Hardware description
The following describes the hardware system of our experimental robot whose frame size is
40 cm long, 40 cm wide, and 130 cm high as Fig. 1 shows. The robot has three wheels; the
motors of two front wheels driving the robot to move forward/backward and turn
left/right, whereas one rear wheel without dynamic power is used for supporting the robot
only. By controlling the turning directions of the two front wheels, we can change the
moving direction of the robot. In order to help the robot to balance, we settle one ball caster
in the rear.
Face detection
The face detection is a crucial step of the human face recognition and tracking system. For
enabling the system to extract facial features more efficiently and perfectly, we must narrow
the range of face detection first, and the performance of the face detection method can’t be
too low. In order to detect human faces quickly and accurately, we take advantage of an
AdaBoost (Adaptive Boosting) algorithm to build a strong classifier with simple rectangle
features involved in an integral image (Viola & Jones, 2001). Therefore, no matter what the
size of a rectangle feature we use, the execution time is always constant. Some rectangle
features are fed to the strong classifier that can distinguish positive and negative images.
Face recognition
Through the face detection procedure, we can take face images that are then fed to the face
recognition procedure. To begin with, we execute the image normalization to make the sizes
of face images be the same. The intensity of the images will be also adjusted for reducing the
lighting effect. After the size normalization and intensity adjustment, we subsequently
perform the feature extraction process to obtain the feature vector of a face image. The idea
of common vectors was originally introduced for isolated word recognition problems in the
case that the number of samples in each class is less than or equal to the dimensionality of
the sample space. The approaches to solving these problems extract the common properties
of classes in the training set by eliminating the differences of the samples in each class. A
common vector for each individual class is obtained from removing all the features that are
in the directions of the eigenvectors corresponding to the nonzero eigenvalues of the scatter
matrix of its own class. The common vectors are then used for pattern recognition. In our
case, instead of employing a given class’s own scatter matrix, we exploit the within-class
scatter matrix of all classes to get the common vectors. We also present an alternative
algorithm based on the subspace method and the Gram-Schmidt orthogonalization
procedure to acquire the common vectors. Therefore, a new set of vectors called the
discriminative common vectors (DCVs) will be used for classification, which results from
the common vectors. What follows elaborates the algorithms for obtaining the common
vectors and the discriminative common vectors (Gulmezoglu et al., 2001)

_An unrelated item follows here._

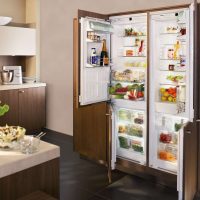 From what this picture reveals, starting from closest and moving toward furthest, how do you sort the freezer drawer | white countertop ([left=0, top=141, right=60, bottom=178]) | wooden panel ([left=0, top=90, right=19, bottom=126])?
white countertop ([left=0, top=141, right=60, bottom=178])
the freezer drawer
wooden panel ([left=0, top=90, right=19, bottom=126])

Conclusion and feature works
In this chapter, we present a completely automatic real-time multiple faces recognition and
tracking system installed on a robot that can capture an image sequence from a PTZ camera,
then use the face detection technique to locate face positions, and identify the detected faces
as the master or strangers, subsequently track a target and guide the robot near to the target
continuously. Such a system not only allows robots to interact with human being
adequately, but also can make robots react more like mankind.
Some future works are worth investigating to attain better performance. In the face recognition
procedure, if the background is too cluttered to capture a clear foreground, the recognition rate
will decrease. Because most of our previous training samples were captured in a simple
environment, sometimes static objects in the uncomplicated background are identified as the
foreground. We can increase some special training samples in a cluttered background to lower
the miss rate during the face detection. Of course, it will raise the face recognition accuracy,
but need a lot of experiments to collect special and proper training samples.